I didn’t think the play got any chippier in the third, but when the buzzer sounded at the end of the game, the Buckeyes’ Dakota Joshua shoved the Wolverines’ Tony Calderone from behind in front of the Michigan net — a shove, not a vicious check — and things deteriorated from there quickly.
For being the initial instigator, Joshua received a game disqualification, as did his teammate Brendon Kearney. The Wolverines’ Dexter Dancs and Cutler Martin also received DQs, Dancs for his part in escalating the fight and Martin for some nasty punches he threw at Kearney when Kearney was on the ice.
Let me say that there was nothing the officials could have done to prevent this, and they did everything they could to prevent things from getting worse, throwing themselves right into the mix to attempt to break things up. It took forever for the crew to sort out the penalties after the game — and that’s not a criticism, but a reflection of how widespread and nasty the fighting was.
I do have a favorite moment from what transpired, though. When so many were jumping into the fray, Ohio State senior defenseman and captain Craig Dalrymple was physically separating Michigan freshman forward Cooper Marody from the mix, clearly keeping the rookie from making a big mistake.
It’s interesting to me that in the aftermath of my lament about a lack of passion in today’s rivalries, not only did the Buckeyes and Wolverines attempt to prove me wrong but Wisconsin’s Eaves said something this week that may explain why Sunday’s fight is such an anomaly.

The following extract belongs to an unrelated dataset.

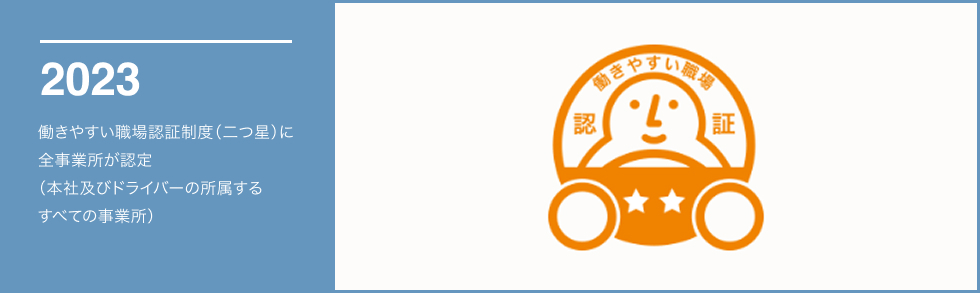 2022 経済産業省の定める
「DX認定事業者」に認定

This coming weekend, Wisconsin hosts longtime rival Minnesota for two, and Eaves gave some good perspective about modern rivalries in the college hockey world.
“I think the rivalry thing has been, I don’t want to say watered down, but some form of that verbiage in that these kids know each other so much better than they used to,” said Eaves. “They play all summer and they discover, ‘Hey, he’s not a bad guy.’ Before, when you didn’t play against each other in the summertime, he was an unknown factor and the things you heard you kind of got a distaste for them. It’s not at the level that it once was, but it’s still Minnesota and the history still dictates that to some degree.”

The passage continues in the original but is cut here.